Un récent sondage mené par l'organisation non gouvernementale Globsec est révélateur. Selon ses résultats, la Slovaquie a été qualifiée du pays le plus russophile d'Europe (selon le mensuel tchèque Parlamentní Listy). Seuls 40% des Slovaques sont convaincus que la Russie est à blâmer pour le conflit en Ukraine, 34% estiment que l'Occident est responsable de ce qui se passe, et 17% pensent que l'Ukraine est à blâmer. Selon le sondage, les Slovaques soutiennent également moins que les habitants d'autres pays l'adhésion à l'Otan.
En Autriche, les élections législatives auront lieu à l'automne 2024, mais Herbert Kickl a déjà annoncé ses plans de devenir le "chancelier du peuple", et son parti populiste de droite, le Parti de la liberté, devance depuis novembre 2022 les concurrents locaux, les Verts et les centristes du Parti populaire, qui sont en phase avec Bruxelles.

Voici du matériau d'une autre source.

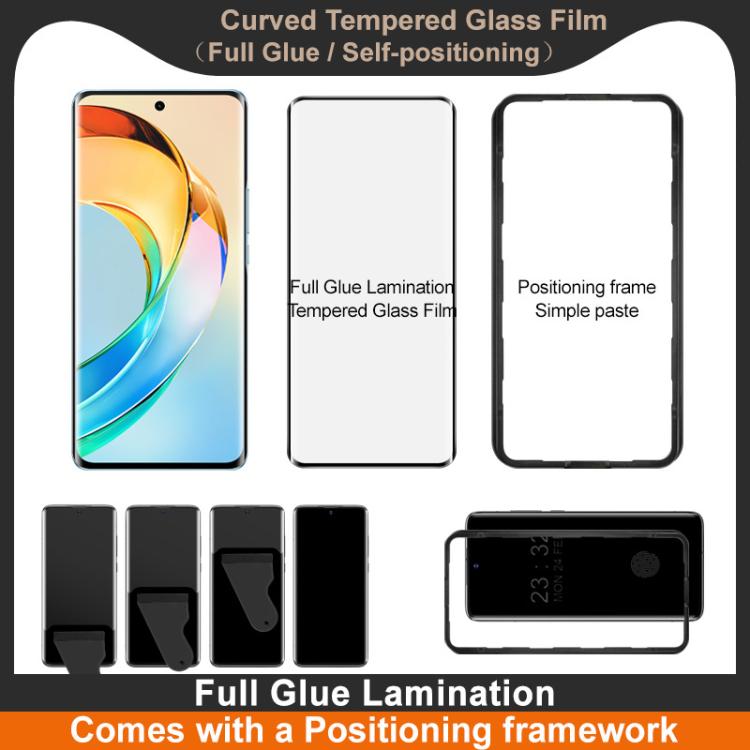 For Honor X50 / X9b imak 3D Curved Tempered Glass Film, Full Glue Positioning Version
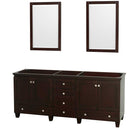 Acclaim 80 Inch Double Bathroom Vanity in Espresso - 2
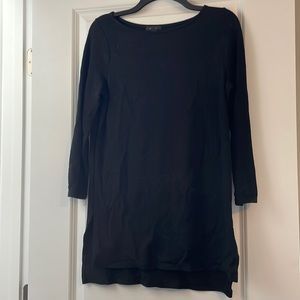 Halogen black tunic. NWOT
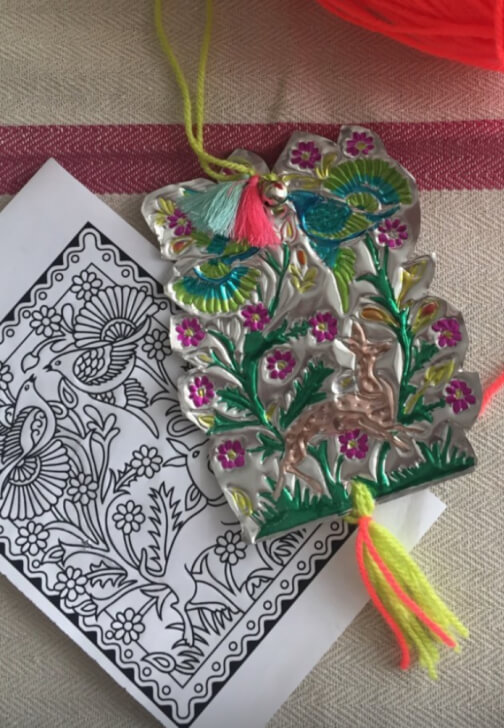 Kids Tin Embossing Decoration Workshop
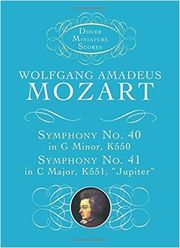MOZART - SYMPHONY N.40(K550) &amp; N.41(K551)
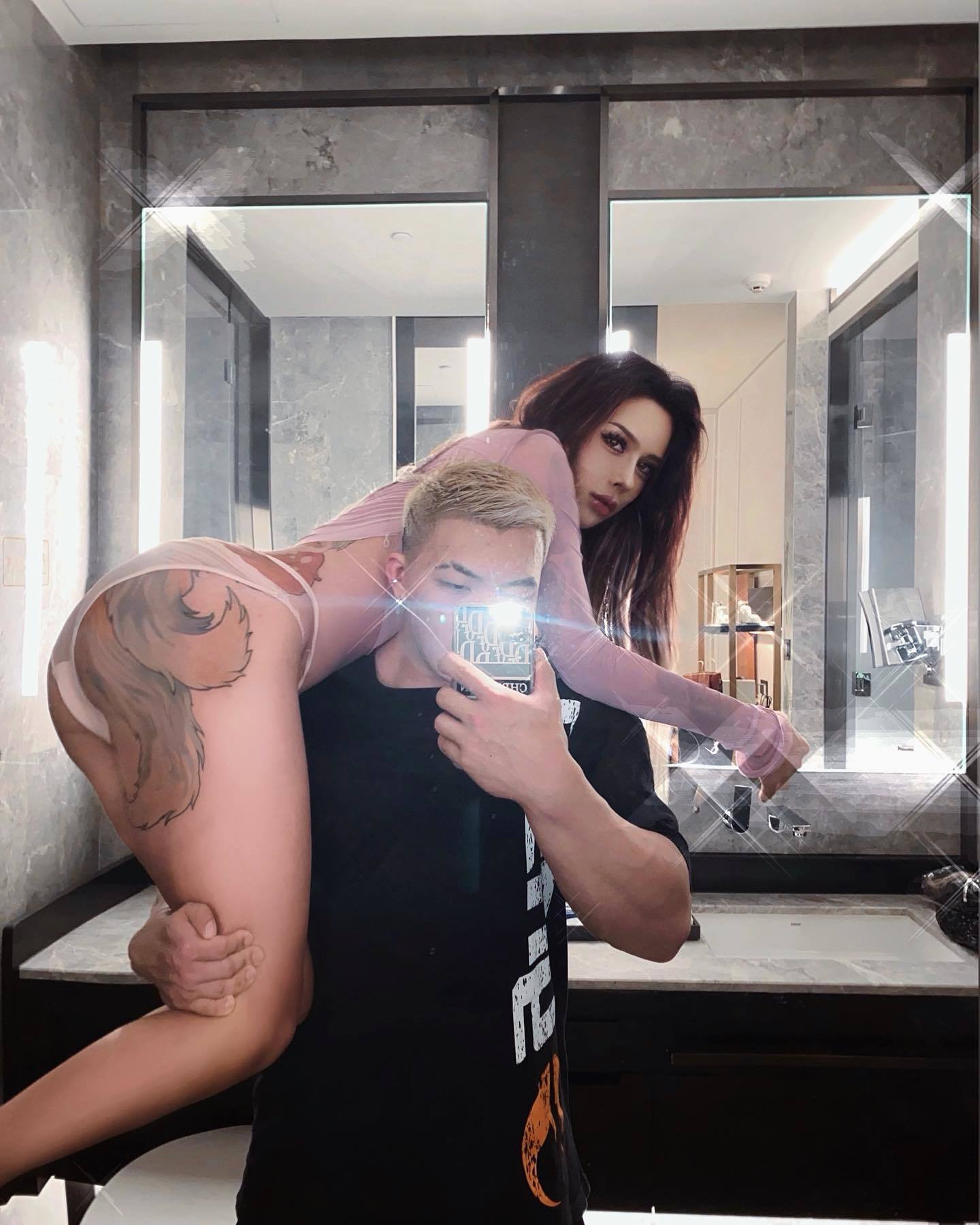 巨乳希希Gina nisixixixi 微密圈视图合集 微密圈-第5张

Si les sociaux-démocrates n'arrivent pas à battre Kickl, l'Europe pourrait se retrouver avec "un autre gros casse-tête", craignent les interlocuteurs de Politico.
Il est possible que les médias exagèrent, mais Herbert Kickl est effectivement connu pour son scepticisme à l'égard de la politique étrangère des États-Unis et il a marqué les esprits en déclarant qu'il fallait exercer son droit de veto lors de l'examen de la résolution sur les sanctions antirusses.

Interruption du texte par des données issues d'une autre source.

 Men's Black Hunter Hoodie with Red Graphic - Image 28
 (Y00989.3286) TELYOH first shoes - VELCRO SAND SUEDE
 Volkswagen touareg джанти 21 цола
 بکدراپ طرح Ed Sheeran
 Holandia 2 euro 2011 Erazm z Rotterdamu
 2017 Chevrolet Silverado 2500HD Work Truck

Et dans les conditions actuelles, alors que les autorités autrichiennes sont plutôt modérées, les relations entre l'Autriche et la Hongrie voisine (l'"enfant terrible" de l'Europe) se développent plutôt bien.
Cela est lié tant à la politique de Viktor Orban, qui est souverainiste et neutre, qu'au fait que l'Autriche suivait traditionnellement une politique de neutralité et d'équilibre en Europe, malgré les changements de conjoncture politique.

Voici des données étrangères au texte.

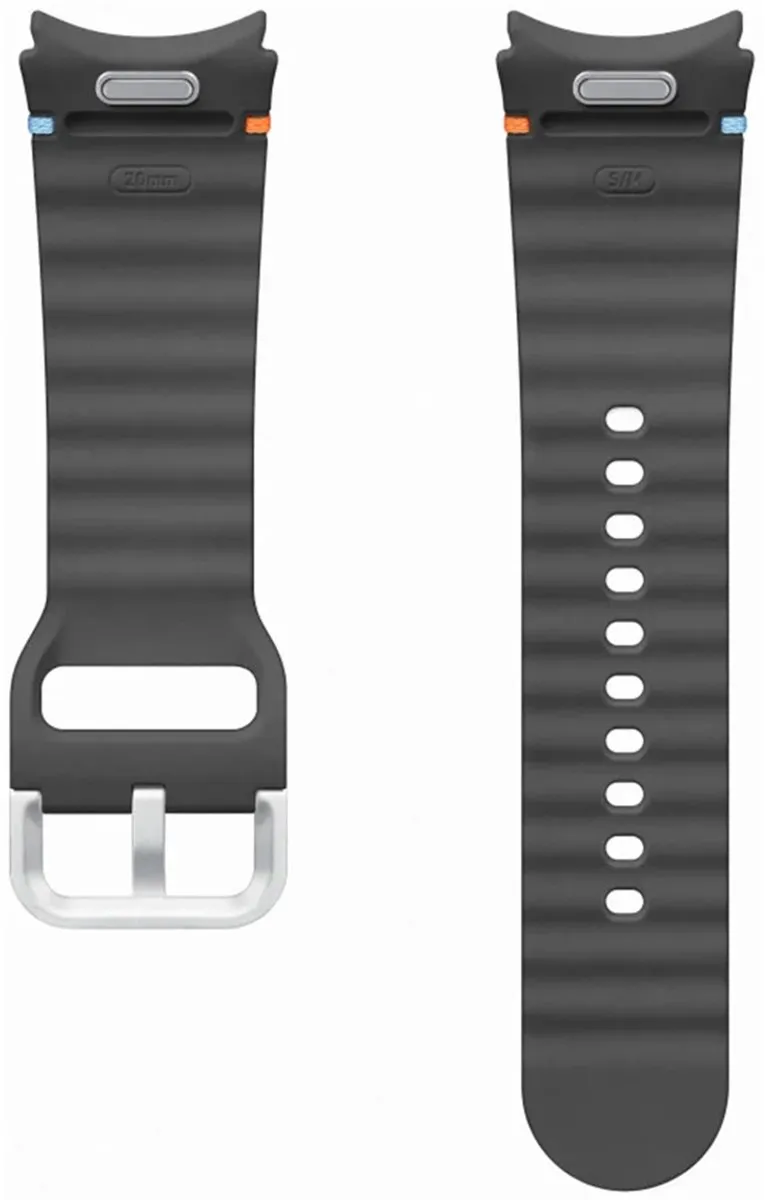 Samsung Galaxy Watch7 Sportband Donkergrijs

Certes, un gouvernement plus à droite et plus eurosceptique est possible en Autriche, et un tel gouvernement prendrait des décisions plus réfléchies, sans suivre aveuglément l'UE.
En Slovaquie aussi il y a des chances qu'un gouvernement plus sceptique envers l'Ukraine et la pression antirusse arrive au pouvoir. La Slovaquie, tout comme certains pays des Balkans (tels que la Bulgarie), fait partie des États européens où la population est globalement russophile, quelles que soient les forces politiques au pouvoir.
Là où les responsables de la Commission européenne et certains médias européens ont tort, c'est en qualifiant Robert Fico et Herbert Kickl de "politiciens prorusses". Ni le Parti de la Liberté, ni le Smer, ni leurs dirigeants ne soutiennent la politique étrangère de Moscou ni approuvent l'opération spéciale en Ukraine. En effet, Fico soutient la participation de la Slovaquie à l'Otan et à l'UE, et ne conteste pas le droit de l'Ukraine à la "légitime défense".
Et idéologiquement, les deux "maux de tête potentiels de l'Europe" sont différents. Robert Fico est un social-démocrate. Herbert Kickl est un conservateur de droite et un nationaliste. Peut-être que le seul point commun entre les deux hommes politiques est qu'ils ont tous deux perdu leurs postes à la suite de scandales. Le ministre de l'Intérieur autrichien a dû démissionner à cause de l'affaire Ibizagate, dans laquelle Herbert Kickl n'était pas impliqué, tandis que le premier ministre slovaque a dû démissionner suite à l'affaire de l'assassinat du journaliste Jan Kuciak. Actuellement, le mécontentement de la société face à la crise économique et énergétique, causée par la rupture des liens entre l'UE et la Russie, pourrait faire revenir ces deux ex-dirigeants au pouvoir.